先輩マンガ家さんは、すべてシュレッダーにかけてゴミで出すしかないっしょ、とさばさばおっしゃってましたけど、その方は週刊連載もしていた方なのでどんだけ原稿があるんだかわかりません。それを一枚一枚シュレッダーにかける姿を想像するたびになんともいえない思いになります。自らが生み出したもの、それなりの人生がこめられたものを、自らの手で無に帰す。価値のあるものを価値のないものに戻す。それは「成仏させる」という言葉を使うには寂しすぎる覚悟に思われます。

神奈川県にある「まんが寺」に電話したことがあります。原稿を「お焚き上げ」してもらえないだろうかと話すと「そういうことはやっていません」と聞きなれた返答をもらいました。(庫裏の天井に絵があるので「まんが寺」と呼ばれているだけなのですね・・・)

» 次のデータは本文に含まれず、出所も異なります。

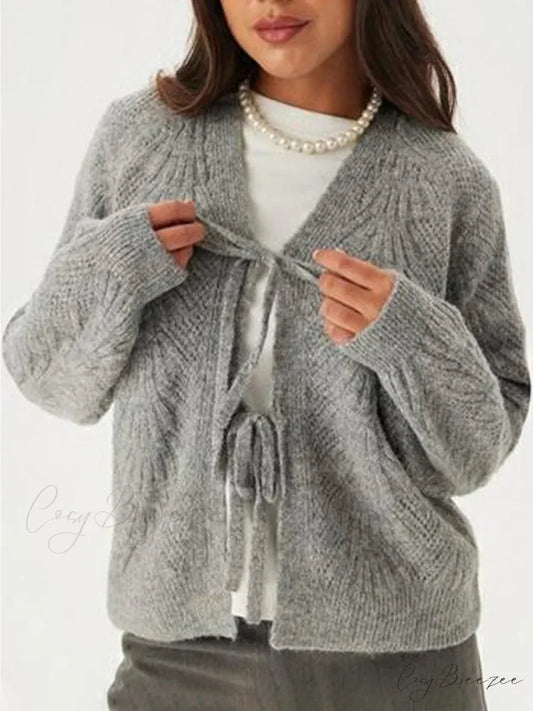 Loose V-neck Deep Button Cardigan grey / S cardigans-241228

なんせ、スクリーントーンが貼ってあるので紙ごみじゃないんです。だから、地域によっては燃やすのはまずい。そうなると埋め立てゴミに・・。山を切り開いたゴミ捨て場所に風で飛び交う原稿を思い浮かべて暗澹たる気持ちになります。


ああ、情けない。

惨めだ。

悲しい。

切ない。


これが、クールジャパンと言われて久しい日本のマンガの現状です。読み捨てされる作品の末路です。世界に冠たる「ワンピース」やら「ドラゴンボール」などの高い山の裾野をなす大量の作品群の末路です。

・・・

NYセントラルパークでMANGA作品を展示した時のことを思い出します。まったく知らない人間の知らない作品にチップを払う人がそこには存在しました。自分の目でよしとしたものに価値をつける人がそこにはいたのです。それにどれだけ救われたか!アメリカに移住の可能性を探った時期もありました。なぜかというと、そういうことは我が母国では絶対起きないからです。

それでも、私はMANGAの可能性を捨てるわけにはいかない。いかないのです。なぜならそれが私の人生だからです。